See the PDF version, as printed in the paper.

The draining low tides are perfect for clamming, the skies are beginning to deliver sunsets and the wildflowers are beginning to pop. It’s spring on Netarts Bay, the time when a young chef’s thoughts turn to … filet mignon, Dungeness crab omelettes and grilled flat bread sandwiches.
In the next few weeks, Tom Flood Jr. and his crew at The Schooner Restaurant will be unveiling the Netarts Bay restaurant’s new menu, full of fresh tastes and local specialties. Just three items are coming off the old menu, which has been in place for a year, and several new entrees are being added for breakfast, lunch and dinner.
The filet mignon, for example, is a romantic special that stuck around past Feb. 14.
“We made this filet mignon for Valentine’s Day, and it turned out really well,” Flood said. “If you wrap a piece of bacon around a filet mignon and put it in the pizza oven, it turns out pretty phenomenal.”
Patrons from Netarts and Tillamook, as well as those who travel the Three Capes Scenic Route on holiday, will find other surprises.

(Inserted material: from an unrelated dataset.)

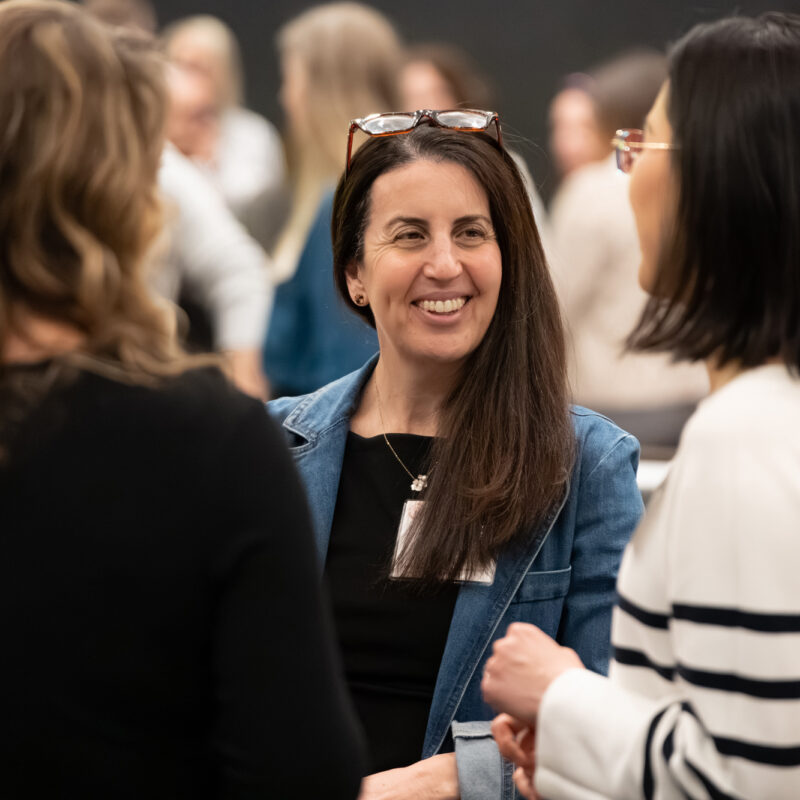colleagues share a laugh during the Kindsight Ascend kickoff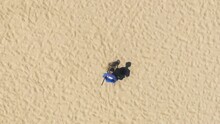 Top View Of Man With Metal Detector Looking For Precious Objects On The Beach Of Santa Monica, Los Angeles, California, USA. Person Using Technology To Find Treasures In The Sand, 4k Footage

Among them are oven-roasted sandwiches, all made in the wood-fired Earthstone oven.
“I think we’re going to add the Smoked Salmon Broiler, which is a combination of house smoked salmon, bleu cheese, red peppers and vegetables, which we warm up in the pizza oven. It kind of smoothes out and crusts up a little bit,” Flood said. “We’re also thinking about a fried oyster sandwich on flatbread, with bleu cheese coleslaw and house-made barbecue sauce.”
Flood’s referring to a grilled flatbread, which is pizza dough that is cooked on the grill to order. The result is a crispy crust with a tender and flavorful exterior, which also lends itself to breakfast sandwiches. They plan to serve one of these sandwiches, a “kitchen sink” to go with scrambled eggs, bacon, sausage, hashbrowns and gravy (made with freshly ground sausage, of course).
The cuisine at The Schooner is a collaboration between Flood, who with two partners has owned the Netarts landmark since September 2005, and his chefs, the twin brothers Jerald and Joe Ellison. All three brought their food-loving sensibilities from other locations — Flood from Portland, the Ellisons from Idaho — and applied them to the bounty of the bay and the Oregon countryside.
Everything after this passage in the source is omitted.